Strong winds ravage East Enterprise


Shawn Penick looked back across the field near his house just north of East Enterprise and tried to figure out what happened.

“There’s no trees or hills back through there that would block those winds,” he said as he pointed off to the west. “When the wind started howling and coming through there, you knew it was going to be bad.”

Those strong winds last Thursday caused severe damage in several areas around East Enterprise.

Shawn Penick’s barn lost most of its metal roof, which blew off of the building and was scattered across State Road 56 as it went off to the east. A large section struck a cattle trailer parked on the east side of the road; while other parts were twisted around trees and lying in crumbled piles.

Looking off to the east, pieces of the roof — and also pieces of the roof from the barn on the east side of the road which also suffered damage — was spread more than a quarter of a mile across the field.

Trees along highway 56 were uprooted at several locations, and electrical power was out for a time to some residents in that area.

Sue Singleton stood at the back door of her home and looked at a large pile of limbs and leaves next to her garage.

“My car’s under there somewhere,” she said. “I got under there enough to see that I think there’s a crack in my windshield, but we won’t know what’s wrong until we get everything off of it.”

“My insurance agent told me to leave everything just like it is until they get this figured out,” Shawn Penick said. “I was going to start building fence this weekend, but I guess that’s going to be pushed back now.”

Lane Penick, Shawn Penick’s four-year old son, was riding on the tractor with his dad as they surveyed the damage on Friday morning, and reported that his “gator” had also been overturned in the storm.


Lisa Rieman, who lives just east of East Enterprise off of State Road 250, knew something was wrong when the cattle started coming back to the barn.
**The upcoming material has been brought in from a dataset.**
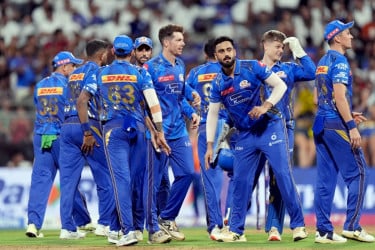 ‘অফ সাইড ফিল্ডার্স’ নিয়ম ভেঙে শাস্তি পেল মুম্বাই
The fish in her nearby pond were also acting strangely, and when the winds picked up, she and her family braced to see what was going to happen.

“It was really loud, just like they say a tornado sounds,” Lisa Rieman said as she pointed around her backyard. “I’m not sure what it was, but the wind was strong. It blew our boat out from under our shelter house and blew a round bale feeder about a quarter of mile down our lane — but it didn’t do anything to the clothes that were hanging on the line. It was strange.”

On some nearby property the Lisa and Reggie Rieman own across from New Liberty Baptist Church, some large trees had been laid over by the wind, exposing the roots and damaging some fencing.

“You can almost see the line that it came through,” she said as she surveyed a toppled apple tree. We lost some beautiful trees.”